Recently received a pack of Cohiba Robustos and they were definitely not ready to be smoked... also got a pack of Siglo IV and VI, are those good to go right out of the 3-5 pack box or should they age for a while?

What other CCs are ready to smoke right away these days?


----------



## UBC03 (Nov 18, 2015)

HUHCs and RGPs are always good rott. 

Sent from. .. HAPPY HOLIDAYS.. YA JAGGOFFS


----------



## mvorbrodt (Jan 13, 2010)

UBC03 said:


> HUHCs and RGPs are always good rott.
> 
> Sent from. .. HAPPY HOLIDAYS.. YA JAGGOFFS


excuse my ignorance but I'm not familiar with those acronyms  is that H.Upmann? what's HC? RGPs? sorry


----------



## JtAv8tor (Apr 12, 2017)

mvorbrodt said:


> excuse my ignorance but I'm not familiar with those acronyms  is that H.Upmann? what's HC? RGPs? sorry


They are the Half Coronas from H.upman HUHC otherwise known as crack sticks as well

"I have you now" - Vader


----------



## ebnash (Mar 5, 2017)

RGP

Rafael Gonzalez Perla’s


----------



## Jrfoxx2 (May 30, 2019)

Several orders of partagas mille fleurs have been good rott


----------



## TonyBrooklyn (Jan 28, 2010)

UBC03 said:


> HUHCs and RGPs are always good rott.
> 
> Sent from. .. HAPPY HOLIDAYS.. YA JAGGOFFS





ebnash said:


> RGP
> 
> Rafael Gonzalez Perla's


_X2!
And don't forget the Partagas shorts!
_
:vs_cool:


----------



## Bird-Dog (Oct 16, 2009)

Mama sez, you can try to guess which Cuban cigars are good ROTT, but you never really know from one box to the next until you light 'em up.


----------



## Rondo (Sep 9, 2015)

El Rey del Mundo Demi Tasse are cheap and cheerful.


----------



## TonyBrooklyn (Jan 28, 2010)

curmudgeonista said:


> Mama sez, you can try to guess which Cuban cigars are good ROTT, but you never really know from one box to the next until you light 'em up.


My Mama used to say 
"We make our plans and GOD laugh's at us"

Forest Gump said
"Life is like a box of chocolates you never know what your gonna get"

:vs_cool:


----------



## ebnash (Mar 5, 2017)

curmudgeonista said:


> Mama sez, you can try to guess which Cuban cigars are good ROTT, but you never really know from one box to the next until you light 'em up.


Very accurate statement


----------



## poppajon75 (Apr 10, 2016)

I've had good luck with several already mentioned. To add, HU Regalias, and Partagas shorts have been good to me ROTT. 
Luck being the operative word above IMHO. I've taken from @bpegler's advice on the subject of custom rolls that they're best when smoked freshly rolled, or after a nice nap. Not certain if the same applies to regular production cigars from the ISOM, but I'd imagine there's a good chance it holds true to a degree there. Of course it's all subject to palette and preference.

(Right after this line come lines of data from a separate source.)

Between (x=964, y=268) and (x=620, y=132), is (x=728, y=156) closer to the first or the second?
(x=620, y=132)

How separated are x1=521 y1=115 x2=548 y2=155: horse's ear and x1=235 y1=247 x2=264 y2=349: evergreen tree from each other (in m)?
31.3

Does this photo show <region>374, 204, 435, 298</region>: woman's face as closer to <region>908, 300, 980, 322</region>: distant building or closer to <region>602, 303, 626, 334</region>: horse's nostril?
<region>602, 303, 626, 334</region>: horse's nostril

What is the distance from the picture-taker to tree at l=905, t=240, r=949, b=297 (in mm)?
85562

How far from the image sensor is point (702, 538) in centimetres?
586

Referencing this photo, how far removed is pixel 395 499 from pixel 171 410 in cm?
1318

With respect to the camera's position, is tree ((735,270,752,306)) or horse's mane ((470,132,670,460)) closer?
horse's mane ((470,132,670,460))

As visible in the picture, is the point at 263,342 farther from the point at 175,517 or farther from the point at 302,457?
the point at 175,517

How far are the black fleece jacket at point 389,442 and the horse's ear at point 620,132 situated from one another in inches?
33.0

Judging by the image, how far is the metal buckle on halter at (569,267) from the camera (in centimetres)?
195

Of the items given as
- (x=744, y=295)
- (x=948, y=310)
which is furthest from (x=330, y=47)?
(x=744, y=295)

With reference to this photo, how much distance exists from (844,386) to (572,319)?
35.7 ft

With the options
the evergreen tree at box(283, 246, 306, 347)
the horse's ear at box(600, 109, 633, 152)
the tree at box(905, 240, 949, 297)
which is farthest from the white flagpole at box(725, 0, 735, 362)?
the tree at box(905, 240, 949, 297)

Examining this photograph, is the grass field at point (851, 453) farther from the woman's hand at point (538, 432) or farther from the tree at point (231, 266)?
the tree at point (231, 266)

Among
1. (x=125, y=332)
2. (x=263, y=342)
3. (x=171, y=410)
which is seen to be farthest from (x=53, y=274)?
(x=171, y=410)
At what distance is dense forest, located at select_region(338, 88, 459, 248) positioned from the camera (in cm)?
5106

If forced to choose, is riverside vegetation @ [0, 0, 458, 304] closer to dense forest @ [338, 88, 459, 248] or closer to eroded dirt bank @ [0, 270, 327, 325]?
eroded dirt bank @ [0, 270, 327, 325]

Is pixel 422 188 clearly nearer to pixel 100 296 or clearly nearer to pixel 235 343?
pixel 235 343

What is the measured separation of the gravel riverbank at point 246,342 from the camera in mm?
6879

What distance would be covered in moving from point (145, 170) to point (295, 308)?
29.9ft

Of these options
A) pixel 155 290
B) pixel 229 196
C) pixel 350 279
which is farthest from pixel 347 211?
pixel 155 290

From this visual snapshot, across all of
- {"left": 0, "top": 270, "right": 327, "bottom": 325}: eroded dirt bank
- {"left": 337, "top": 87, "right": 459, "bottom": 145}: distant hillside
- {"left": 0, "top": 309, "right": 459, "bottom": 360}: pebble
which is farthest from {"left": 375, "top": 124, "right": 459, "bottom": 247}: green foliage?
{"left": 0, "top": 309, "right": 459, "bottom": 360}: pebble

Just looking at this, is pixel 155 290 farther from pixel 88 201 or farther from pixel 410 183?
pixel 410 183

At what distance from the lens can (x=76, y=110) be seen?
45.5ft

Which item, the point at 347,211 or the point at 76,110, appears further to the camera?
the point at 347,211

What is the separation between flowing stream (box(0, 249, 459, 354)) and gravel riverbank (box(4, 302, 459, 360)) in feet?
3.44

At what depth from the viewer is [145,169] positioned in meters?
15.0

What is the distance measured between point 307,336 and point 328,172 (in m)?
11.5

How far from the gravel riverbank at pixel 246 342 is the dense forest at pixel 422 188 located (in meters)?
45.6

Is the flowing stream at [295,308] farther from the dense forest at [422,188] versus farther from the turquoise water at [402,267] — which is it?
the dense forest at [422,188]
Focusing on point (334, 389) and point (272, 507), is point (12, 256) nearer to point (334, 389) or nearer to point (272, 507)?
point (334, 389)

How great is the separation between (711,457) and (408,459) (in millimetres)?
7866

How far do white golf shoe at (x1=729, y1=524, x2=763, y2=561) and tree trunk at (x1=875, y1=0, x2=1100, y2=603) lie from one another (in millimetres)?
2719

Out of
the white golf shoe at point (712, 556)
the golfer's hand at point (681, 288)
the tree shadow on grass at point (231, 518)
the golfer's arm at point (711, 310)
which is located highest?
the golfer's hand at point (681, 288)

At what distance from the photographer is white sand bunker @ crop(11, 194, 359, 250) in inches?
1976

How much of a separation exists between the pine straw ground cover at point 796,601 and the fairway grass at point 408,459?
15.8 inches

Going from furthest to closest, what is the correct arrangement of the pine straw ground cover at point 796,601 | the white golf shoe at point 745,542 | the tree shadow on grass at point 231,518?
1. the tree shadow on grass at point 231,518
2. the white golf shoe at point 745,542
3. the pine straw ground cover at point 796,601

Sent from the lost and found looking for my mind.


----------



## norc47 (Apr 20, 2019)

Jrfoxx2 said:


> Several orders of partagas mille fleurs have been good rott


+1 to that. Partagas Coronas Juniors as well.


----------



## Olecharlie (Oct 28, 2017)

I know the opinions on Vintage will vary but my last purchase were all 14’s and 15’s. For me they were worth the extra coin. 
And I was able to get variety which I like.


----------



## TonyBrooklyn (Jan 28, 2010)

Olecharlie said:


> I know the opinions on Vintage will vary but my last purchase were all 14's and 15's. For me they were worth the extra coin.
> And I was able to get variety which I like.

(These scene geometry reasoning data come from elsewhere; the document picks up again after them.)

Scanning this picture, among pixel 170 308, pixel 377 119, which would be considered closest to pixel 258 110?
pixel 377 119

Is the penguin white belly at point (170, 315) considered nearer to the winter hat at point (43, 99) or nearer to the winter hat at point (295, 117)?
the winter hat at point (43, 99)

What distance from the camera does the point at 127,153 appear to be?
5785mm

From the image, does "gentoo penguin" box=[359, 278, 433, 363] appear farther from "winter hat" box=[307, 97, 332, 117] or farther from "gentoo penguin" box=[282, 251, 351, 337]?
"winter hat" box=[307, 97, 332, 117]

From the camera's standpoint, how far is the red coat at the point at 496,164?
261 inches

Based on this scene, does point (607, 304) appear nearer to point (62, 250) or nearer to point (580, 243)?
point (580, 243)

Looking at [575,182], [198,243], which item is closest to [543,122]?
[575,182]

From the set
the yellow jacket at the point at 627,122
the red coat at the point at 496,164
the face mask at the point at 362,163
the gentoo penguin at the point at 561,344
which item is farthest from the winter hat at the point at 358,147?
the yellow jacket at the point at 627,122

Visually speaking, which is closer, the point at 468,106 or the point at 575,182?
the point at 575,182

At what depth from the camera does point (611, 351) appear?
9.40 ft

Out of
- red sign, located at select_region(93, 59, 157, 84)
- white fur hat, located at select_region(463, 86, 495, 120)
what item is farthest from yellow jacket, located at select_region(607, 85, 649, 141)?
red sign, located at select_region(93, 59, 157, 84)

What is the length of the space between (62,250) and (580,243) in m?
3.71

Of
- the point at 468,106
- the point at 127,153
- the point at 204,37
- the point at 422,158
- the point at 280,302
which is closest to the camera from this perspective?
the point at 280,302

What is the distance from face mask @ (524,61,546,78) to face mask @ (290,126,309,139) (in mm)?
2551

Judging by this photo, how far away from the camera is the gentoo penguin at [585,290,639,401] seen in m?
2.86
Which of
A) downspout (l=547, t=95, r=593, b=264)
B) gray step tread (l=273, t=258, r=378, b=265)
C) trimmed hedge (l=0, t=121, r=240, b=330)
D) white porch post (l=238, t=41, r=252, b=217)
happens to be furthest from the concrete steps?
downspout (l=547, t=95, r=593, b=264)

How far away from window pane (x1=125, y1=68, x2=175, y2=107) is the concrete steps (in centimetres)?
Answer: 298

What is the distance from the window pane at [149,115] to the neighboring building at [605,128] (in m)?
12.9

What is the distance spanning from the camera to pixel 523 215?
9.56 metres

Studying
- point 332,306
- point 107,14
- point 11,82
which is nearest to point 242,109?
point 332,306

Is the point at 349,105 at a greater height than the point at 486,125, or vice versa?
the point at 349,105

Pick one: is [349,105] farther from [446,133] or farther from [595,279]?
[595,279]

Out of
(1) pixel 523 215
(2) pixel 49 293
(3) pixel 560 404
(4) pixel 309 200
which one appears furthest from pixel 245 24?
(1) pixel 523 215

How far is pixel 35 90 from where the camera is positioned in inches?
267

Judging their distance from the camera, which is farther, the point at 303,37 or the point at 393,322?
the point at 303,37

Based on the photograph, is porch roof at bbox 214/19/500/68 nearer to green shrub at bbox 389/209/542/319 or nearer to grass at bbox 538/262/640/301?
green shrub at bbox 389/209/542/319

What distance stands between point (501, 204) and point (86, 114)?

Yes Charlie for sure opinions will vary.
Taste is very subjective.
Vintage for me not only means age.
But like fine wine or Champagne.
The year of production
In this reference not every year of production can be considered a Vintage year.
For me personally that last Vintage year was 2013.
I think the term Vintage is used way too loosely. :vs_cool:


----------



## Piper (Nov 30, 2008)

My sample size is smaller than that of most of the other people on this thread but I've always thought Romeo y Julietas, Montecristos and Cohibas smoked beautifully even when fresh. Of course, for what they charge they oughta! Not to say every one is perfect or that they won't improve with age, but most of the sticks I've had are pretty darn terrific ROTT.


----------



## Olecharlie (Oct 28, 2017)

TonyBrooklyn said:


> Yes Charlie for sure opinions will vary.
> Taste is very subjective.
> Vintage for me not only means age.
> But like fine wine or Champagne.
> ...


Yes I agree that's like calling my wife's 2015 SHO a Vintage car lol. That is how their listed as Vintage and I was pleased with my purchase, though a little more coin.


----------



## TonyBrooklyn (Jan 28, 2010)

Olecharlie said:


> Yes I agree that's like calling my wife's 2015 SHO a Vintage car lol. That is how their listed as Vintage and I was pleased with my purchase, though a little more coin.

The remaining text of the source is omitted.